# How to: Dell Inspiron 15r se 7520: FreeBSD 12.1-RC2 + Gnome 3 Lite + Japanese support + art apps



## Deleted member 58914 (Aug 12, 2019)

*------------------------
FreeBSD install:
------------------------*
Before anything, ensure you had burned your freebsd 12 STABLE .img to a usb 2.0 usb memory stick, because if it is a usb 3.0 device it will start but will encounter a error which will not allow you to enter the freebsd 12 installer.

When you computer start press once F2, and in the BIOS setup enable the LEGACY compatibility option for UEFI. Freebsd live will not work on UEFI without this change. Fully changing UEFI to Legacy is not needed. Save your changes and quit. After installing freebsd, you can disable the UEFI compatibility option again.

When your computer restarts press F12. Once the installer shows up the process is quite easy, I will just advise you to use the guided partitioning when the option appears and make a separated home partition so you can brick your freebsd 12.1 installation at will without fear of damaging your personal data (also do save it to an external HD). To speed up the installation, take note of the hotkeys for each option; for example, C is for create partition and it will be highlighted in yellow on your screen to help you locate it. To check or uncheck an option with an asterisk use the space bar.

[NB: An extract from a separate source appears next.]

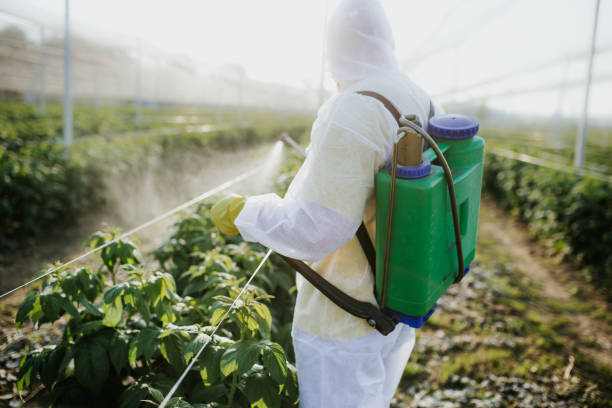 Best Commercial Pest Control Services  in Estill, SC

When at the installation it asks for "Regdomain", use FCC if you live in south america.

When the installer offers it, check ntpdate and ntp for automatic time adjustments. As far as I know this cannot be done on gnome 3 in freebsd because it will always revert the changes you made to the date and time.

From the freebsd13 partition scheme proposal, leave the efi partion but delete the swap and / partitions, and do them as following after the EFI partition:

```
filetype | mount at | size:
freebsd-ufs | / | 30G
freebsd-ufs | /home | The remaining space -10G
freebsd-swap | | 10G
```

After the installer says everything is done, select the reboot option.


*------------------------
Gnome3 install:
------------------------*
After entering for the first time on your installation of freebsd, as login use "root" and as password the admin password you had set during installation. Do:


```
pkg install drm-kmod xorg gdm gnome-desktop gnome3-lite ja-font-std ja-ibus-mozc vlc gnome-terminal gedit eog firefox i386-wine-devel gimp inkscape blender libreoffice xf86-input-wacom rsync fusefs-ntfs sane-frontends shotcut
```

drm-kmod: is to be able to use your video card
xorg: is essential for a graphical desktop
gdm: is for your login screen
gnome-desktop, gnome3-lite: are for the gnome 3 desktop itself. The lite version is better because it will install only essential applications, leaving the choice of what more to install to you.
sudo: To grant admin rights to your account only for specific tasks
ja-font-std: enables standard japanese font display, so it will not appear as blocks. You can choose other fonts if you so desire
ja-ibus-mozc: allows you to input japanese text using the ibus which comes with gnome.
vlc: because totem was displaying videos at extremely low speeds.
gnome-terminal: for a better terminal
gedit: to edit simple text files
eog: to view your images
firefox: A web browser, you can choose other.
I386-wine-devel: To run some games made for windows.
gimp, inkscape and blender: if you are a graphic designer
libreoffice: for editing more complex documents
shotcut: Is an usable video editor. Openshot did not worked and pitivi produced only low quality mp4 files.
panda3d: You can install this to develop games

You can search for the package you want here

It will complain the pkg system does not yet exist and will offer to install it. Accept and it will download around 700 packages (1 GB), that will take a while.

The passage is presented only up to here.